AIM OF THE TASK: Taking the data below, please print only the lines from the line holding "1-к квартира, на" to the line holding "Portrait Photography,Girl,Style Boost,LoRA,FLUX.1", inclusive, with pictures omitted.

DATA UNDER STUDY:

BEGIN

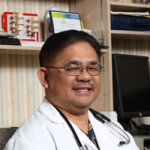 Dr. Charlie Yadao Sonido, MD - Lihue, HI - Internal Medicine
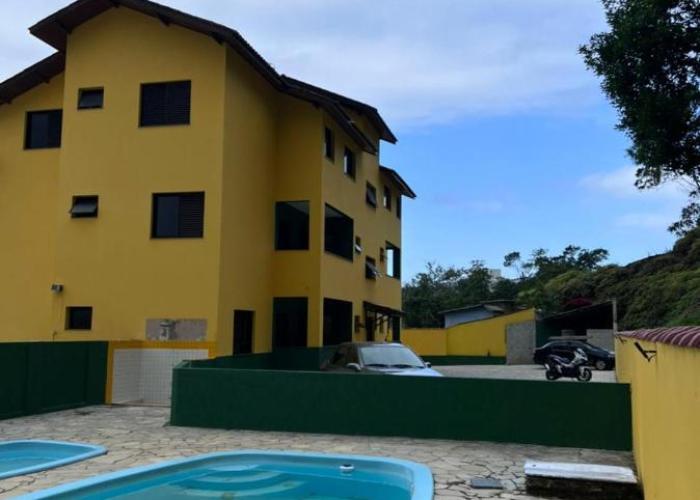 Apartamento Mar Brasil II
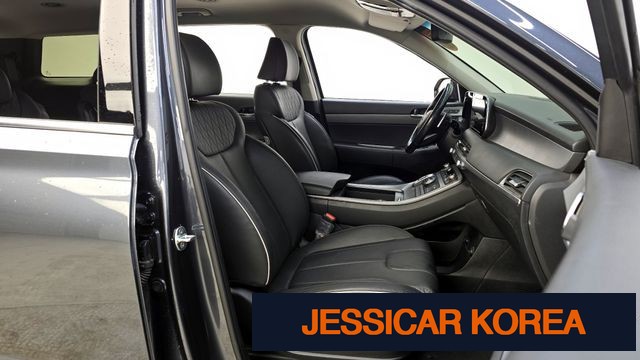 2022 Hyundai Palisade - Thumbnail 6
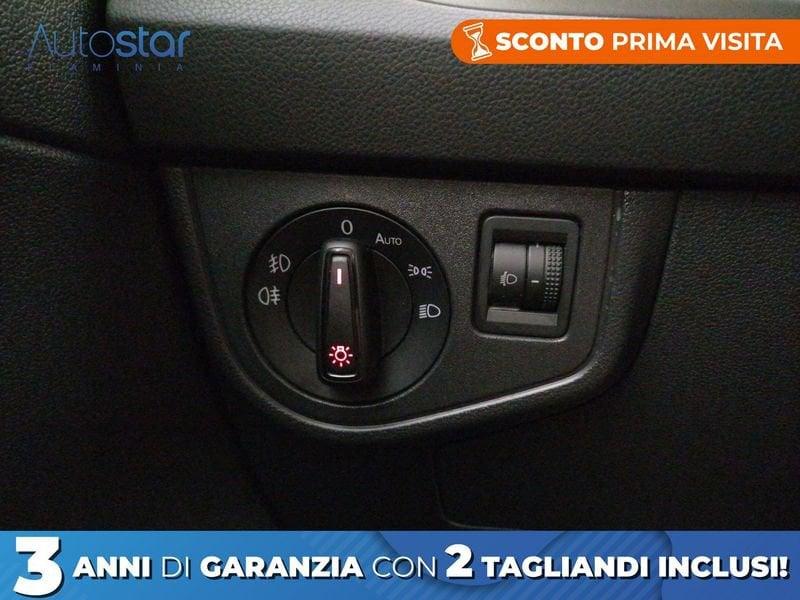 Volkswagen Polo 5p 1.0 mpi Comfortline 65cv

END
BEGIN

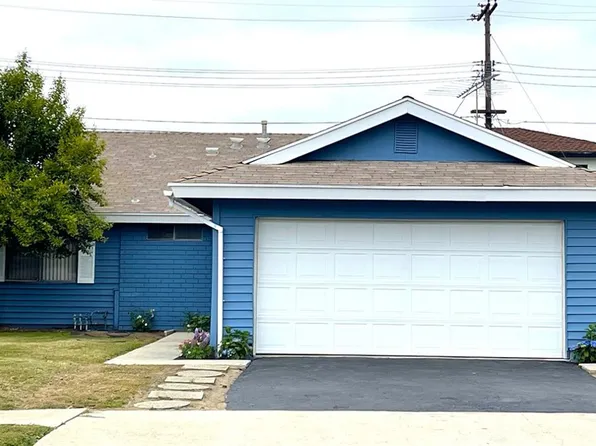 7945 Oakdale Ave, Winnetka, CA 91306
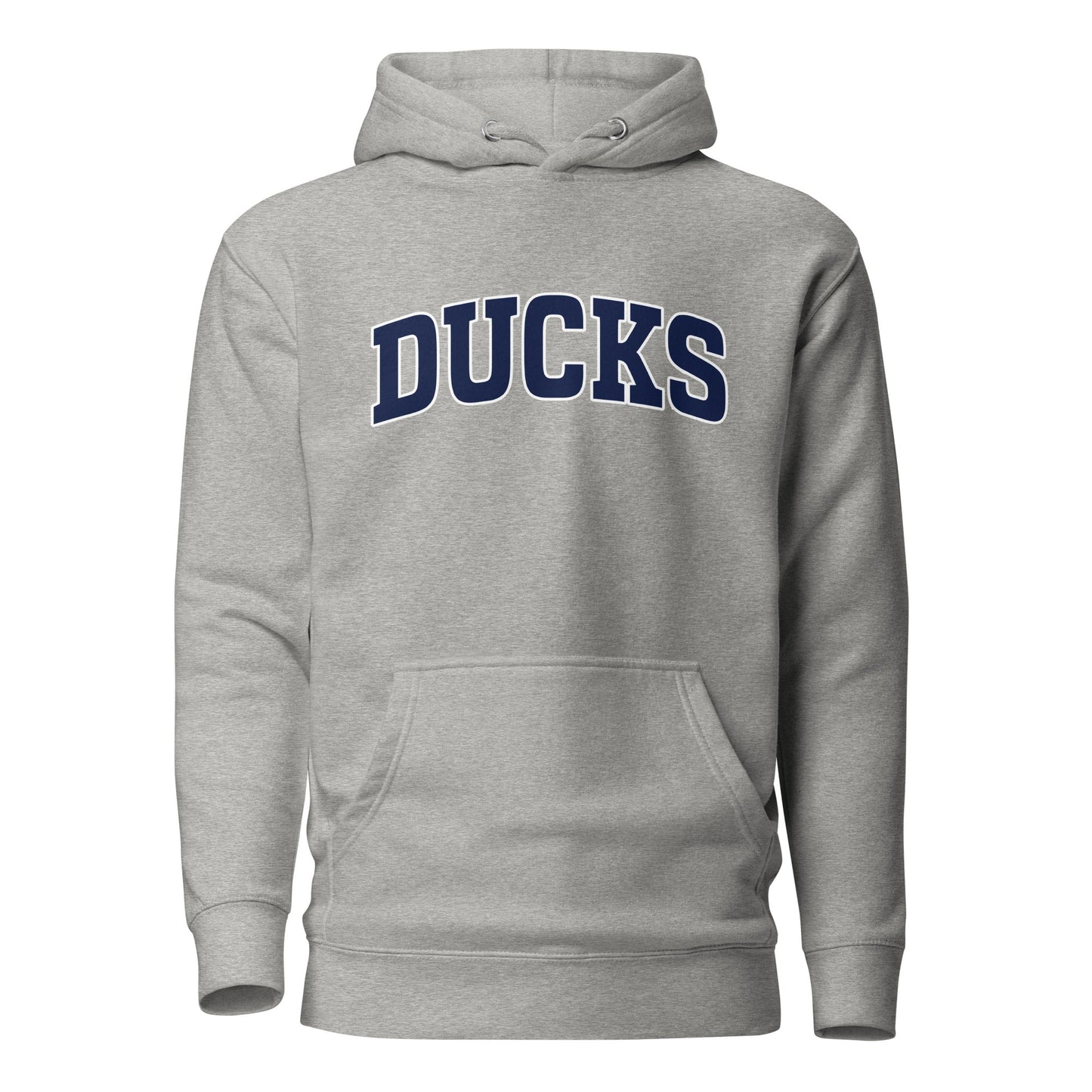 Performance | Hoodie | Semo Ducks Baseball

END
BEGIN

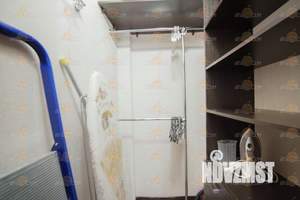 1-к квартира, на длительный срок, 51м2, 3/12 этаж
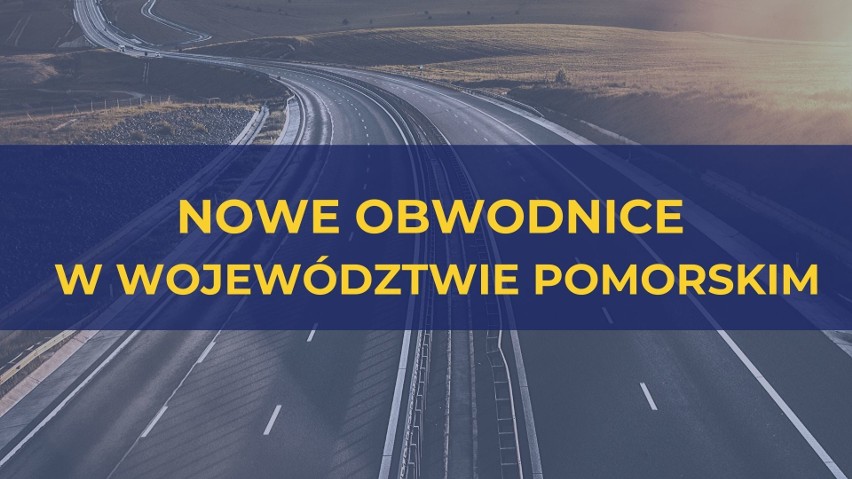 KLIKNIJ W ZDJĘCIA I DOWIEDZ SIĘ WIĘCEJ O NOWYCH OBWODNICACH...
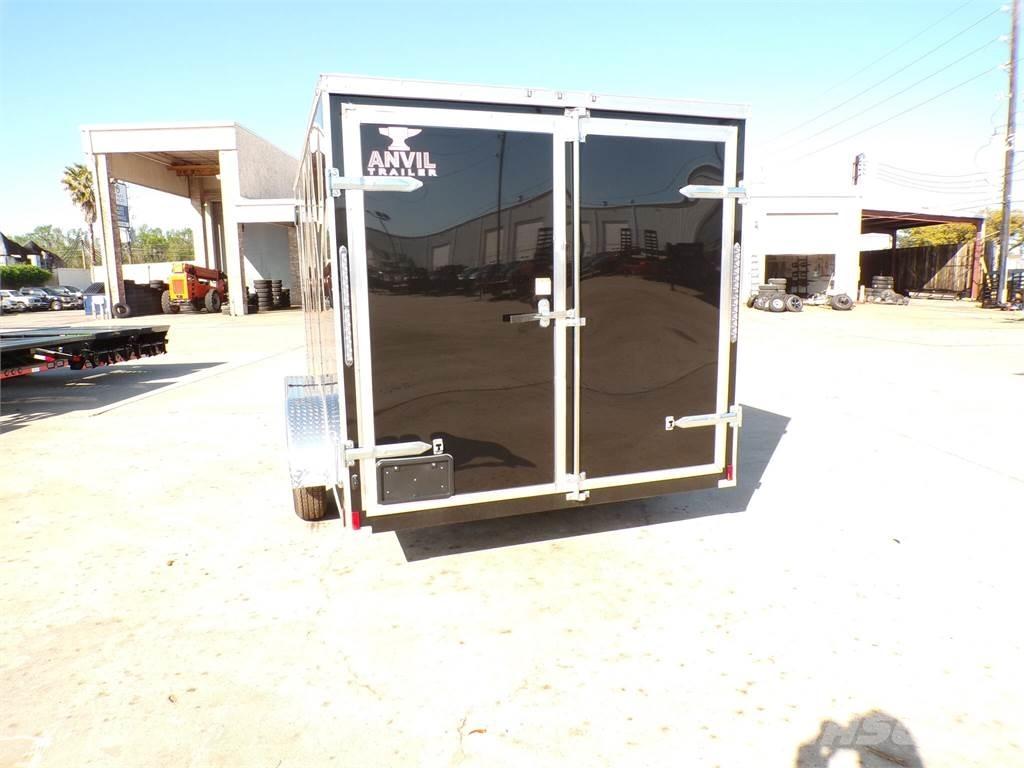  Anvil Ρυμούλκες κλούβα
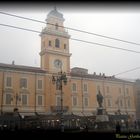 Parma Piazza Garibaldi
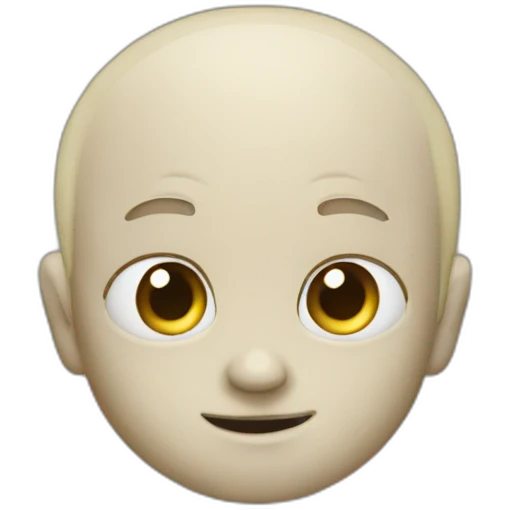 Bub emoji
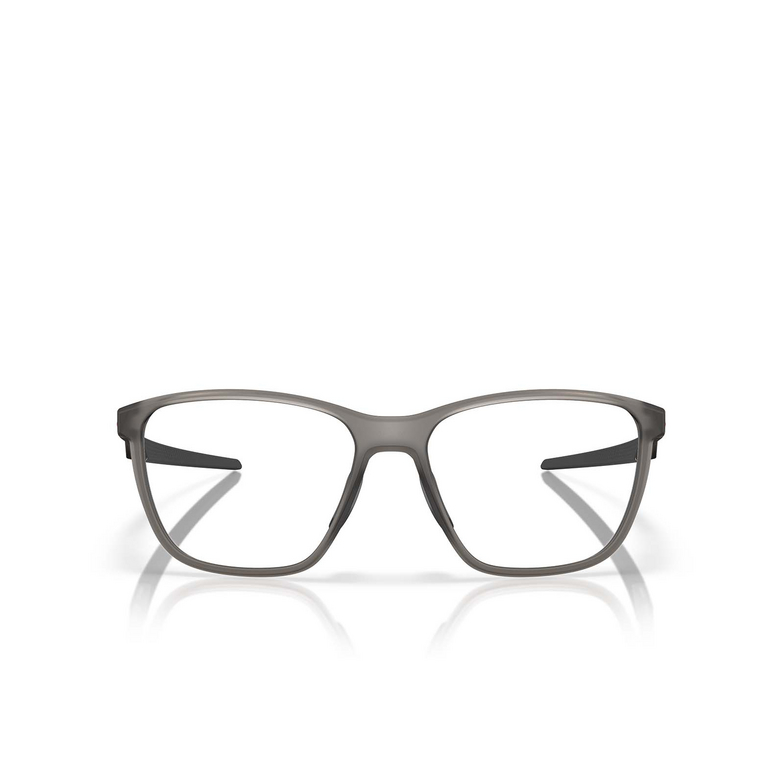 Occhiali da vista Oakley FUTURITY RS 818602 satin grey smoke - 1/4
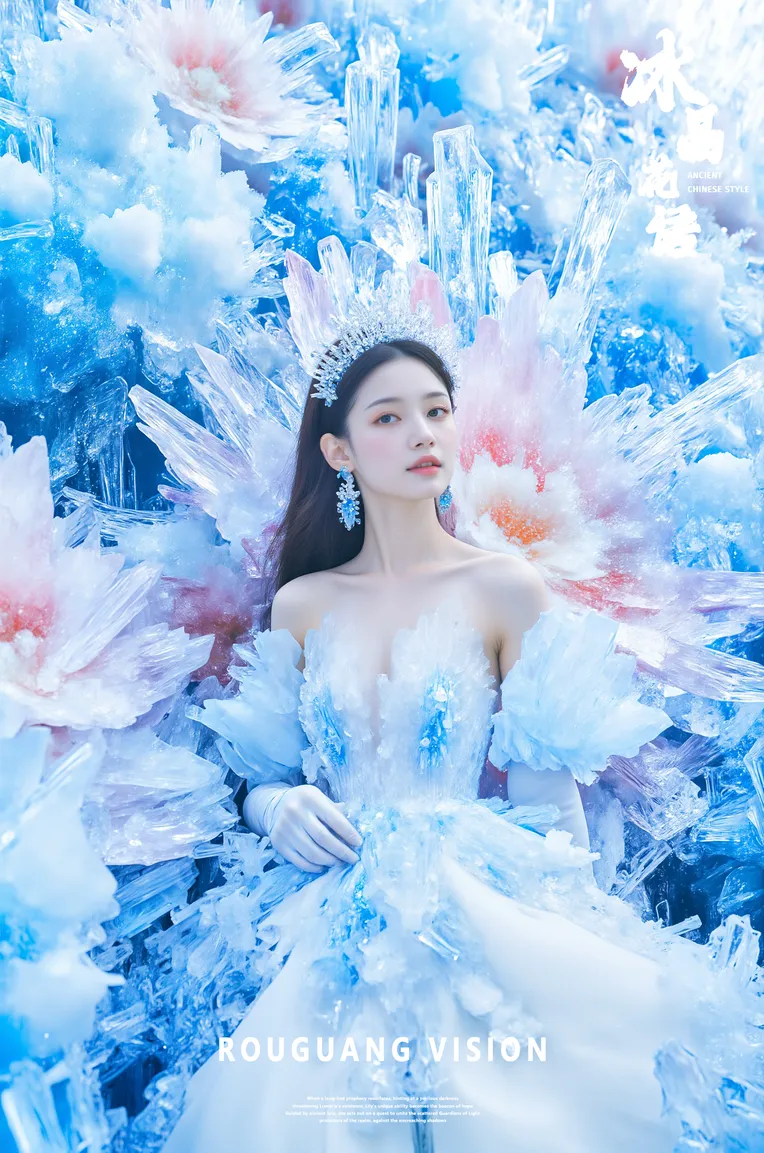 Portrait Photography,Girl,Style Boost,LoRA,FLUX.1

END

WRITTEN RESPONSE:
 1-к квартира, на длительный срок, 51м2, 3/12 этаж
 KLIKNIJ W ZDJĘCIA I DOWIEDZ SIĘ WIĘCEJ O NOWYCH OBWODNICACH...
  Anvil Ρυμούλκες κλούβα
 Parma Piazza Garibaldi
 Bub emoji
 Occhiali da vista Oakley FUTURITY RS 818602 satin grey smoke - 1/4
 Portrait Photography,Girl,Style Boost,LoRA,FLUX.1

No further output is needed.